When do you need freight insurance?
Always insure when:
- A total loss would significantly harm your cash flow or business viability
- You are importing high-value goods (electronics, machinery, luxury items)
- Goods are fragile, perishable, or theft-attractive
- You are shipping during peak storm season (especially ocean freight)
- Your supplier is in a high-risk country for cargo theft
- You are a small business without reserves to absorb a loss
Consider skipping when:
- Shipment value is very low (under USD 1,000) and you can absorb the loss
- You are shipping in high volume and self-insure (large importers with reserves)

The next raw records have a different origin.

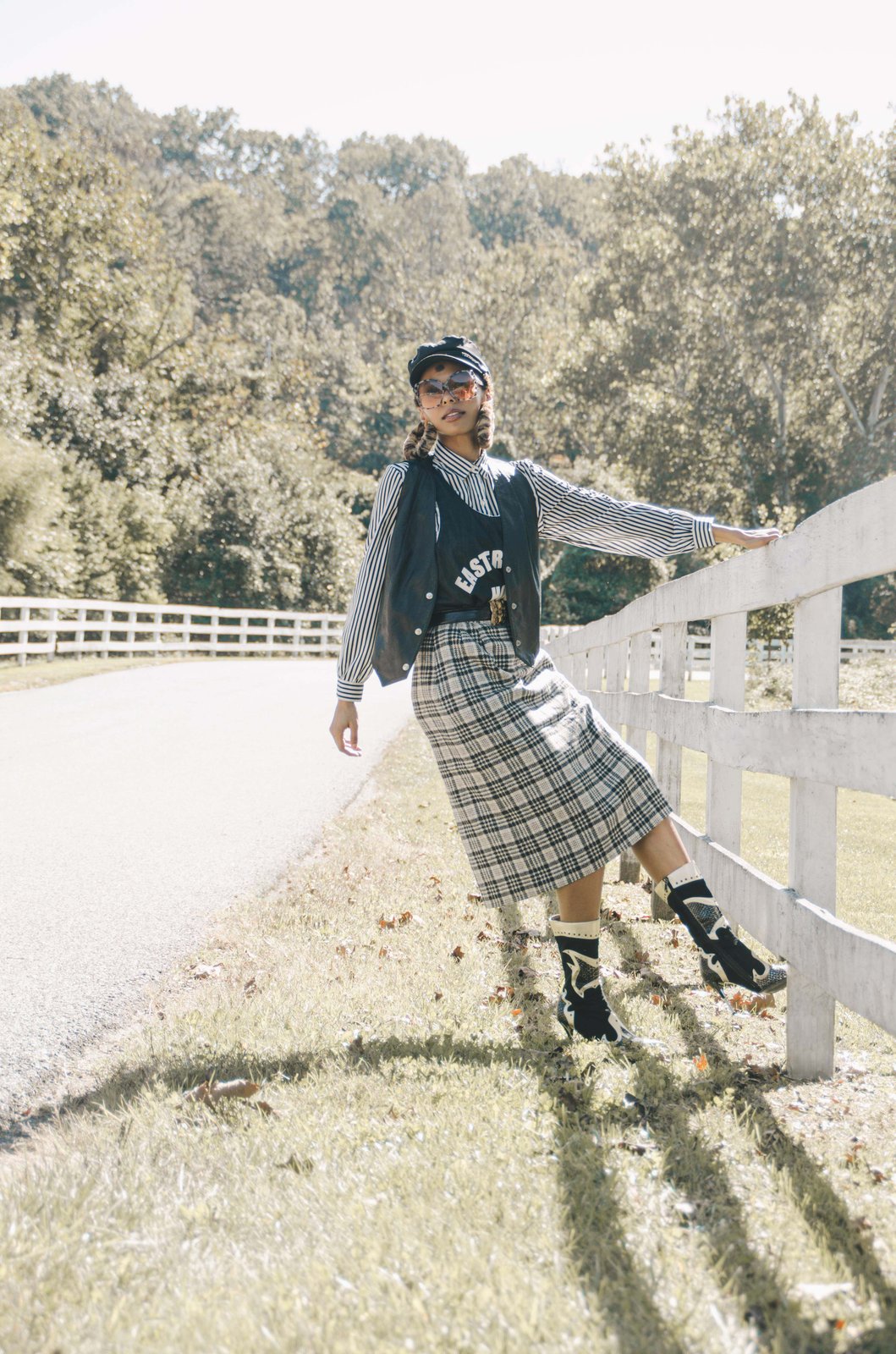 Vintage Chiant Plaid Midi Wool Skirt Golden Bird Boutique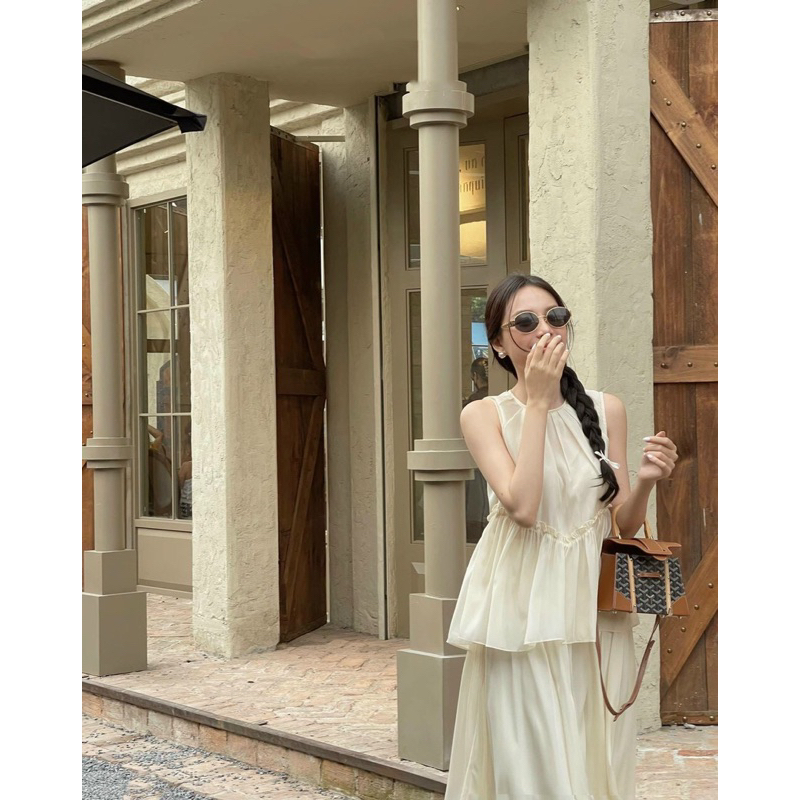 Áo peplum oganza 3 nơ sau + chân váy xoè dài xếp li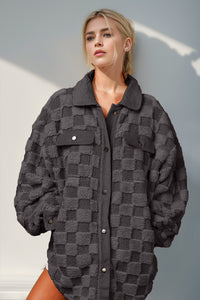 Effortlessly Chic Button Up Fuzzy Checkered Shacket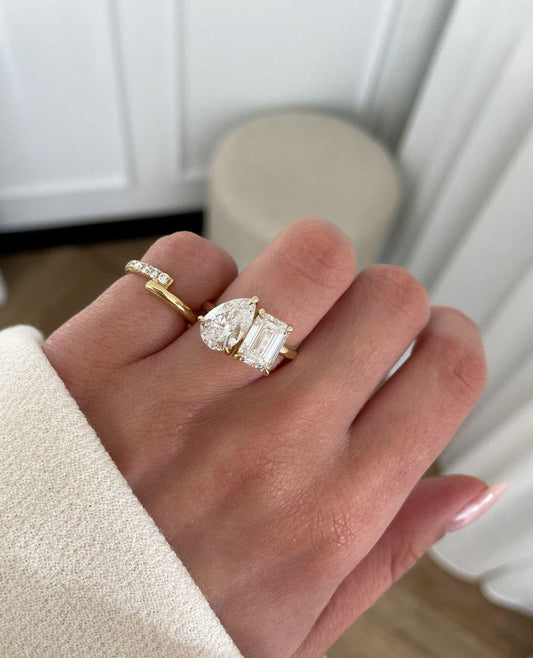 5.0TCW Pear and Emerald Cut Lab Grown Diamond Engagement Ring | Toi Et Moi Ring | IGI Certified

- Goods are virtually indestructible (steel, rocks, raw materials unlikely to be stolen)
Insurance and Incoterms
Your Incoterm determines who is responsible for insurance:
| Incoterm | Who arranges insurance? | Notes |
|---|---|---|
| EXW, FCA, FAS, FOB | Buyer (you) | Risk transfers early — you need your own policy |
| CFR, CPT | Buyer (you) | Seller pays freight but not insurance — common gap |
| CIF | Seller | ⚠️ Minimum Clause C only — often inadequate |
| CIP | Seller | ✅ Clause A required since Incoterms 2020 |
| DAP, DPU, DDP | Seller (risk is theirs) | Seller bears risk until delivery — their problem |
Important: Under CIF, the seller only needs to provide minimum Institute Cargo Clause C coverage. This does not cover theft, water damage, or rough handling. If you are buying CIF, consider purchasing your own supplemental "top-up" policy for the gap.